China’s Economy Appears To Be Slowing Significantly, And That Could Have A Huge Impact
For years now, China’s economy has been growing at an incredibly rapid rate as the government in Beijing continues a process of modernization that can trace its roots back to the mid-1970s and the first efforts to turn the nation away from the insular policies that characterized the nation during the first decades of Communist rule. Over that time, China has slowly but surely become a powerhouse economy in its own right. Cities such as Beijing and Shanghai grew at an enormous rate. Chinese manufacturing became the focus of the world thanks to lower wages and a government that essentially looked the other way when it came to worker safety and environmental damages. Port traffic in China’s major port cities surpassed that of anywhere else in the world. As time as gone on, though, many outside experts have wondered just how long the Chinese ‘economic miracle’ could last before there was some kind of readjustment or pause. The fact that economic statistics were, and continue to be, provided by a central government that certainly has the incentive to exaggerate success and minimize signs of trouble ahead, for example, has long led experts to distrust official numbers, or at least to assume that the books were being cooked to some extent.
Notwithstanding the unreliability of official Chinese government statistics, there have been some signs of what really might be happening in China behind the numbers. The stories about Chinese ghost cities — massive construction projects that were built in anticipation of business that never materialized — are well known and rather hard to hide even in a nation like China where information is tightly controlled. Additionally, the stock markets in Shanghai and Hong Kong have largely become beyond the ability of the government to control and are often taken as warning signs of weaknesses in China that the official numbers don’t necessarily reveal, though. Now, though, it appears that reality may be catching up with even the official statistics as China is reporting its slowest growth in more than two decades:
China’s growth slowed further last year, adding to the troubling economic picture that is unsettling investors around the world.
The Chinese economy grew at a 6.8 percent pace in the fourth quarter, according to data released on Tuesday. It was the lowest quarterly expansion since the global financial crisis in 2009.
Uncertainty about the Chinese economy — and whether the government can manage a slowdown — has been weighing heavily on global markets in recent weeks. Investors, in part, are trying to determine if China’s slump will spread, dragging down the rest of the world.
The latest data is not likely to reassure investors that all is well in China, the world’s second-largest economy.
The quarterly growth rate was lower than analysts expected. For the full year, China expanded at 6.9 percent, just below the government’s target of 7 percent.
It is a pace that would be the envy of many developed countries. But the figure represented China’s slowest expansion since 1990, when foreign investment shriveled in the year after the government’s deadly crackdown on protesters in Tiananmen Square.
“Signs of growth bottoming out are nowhere to be seen,” said Li-Gang Liu, the chief economist for greater China at the Australia and New Zealand Banking Groups. “Instead, we will see at least another two years of further growth slowdown.”

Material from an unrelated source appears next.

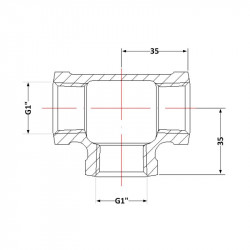 Трійник чавунний 1" ВР Трійник чавунний 1" ВР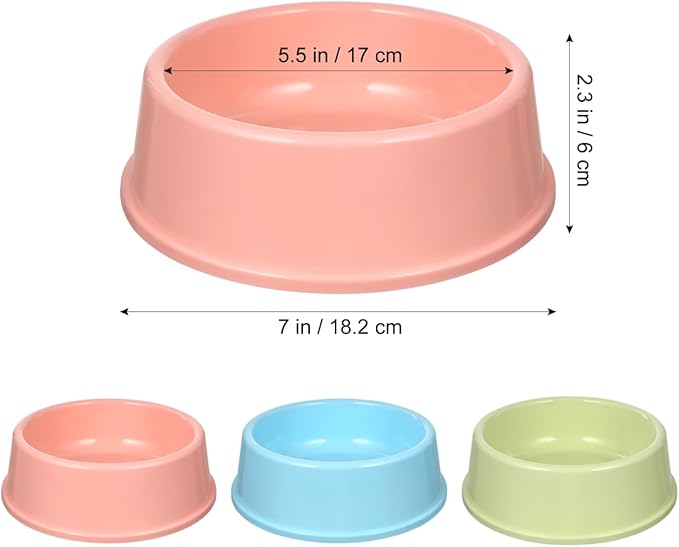 Balacoo 3 Pcs Large Plastic Dog Bowl, Candy Color Reusable Pet Food and Water Bowl, Stackable Dog Food Dishes for Puppy Cat Rabbit - Smooth Edges, Random Color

After decades of double-digit growth, the Chinese economy is entering a new era of more muted growth. While the government’s leaders have said they are comfortable with this shift, the slowdown creat-es a host of unexpected challenges
China’s growth is decelerating as its traditional industrial businesses struggle with excess capacity and dwindling demand. A slump in new housing construction is hurting consumption of building materials including steel, cement and glass, even as home prices show signs of a rebound.
China’s export base in lower-end manufacturing, once a powerhouse that drove growth and created jobs, has been hollowed out. Factories churning out goods like garments and furniture are losing competitiveness because of lower wages in Southeast Asia and South Asia.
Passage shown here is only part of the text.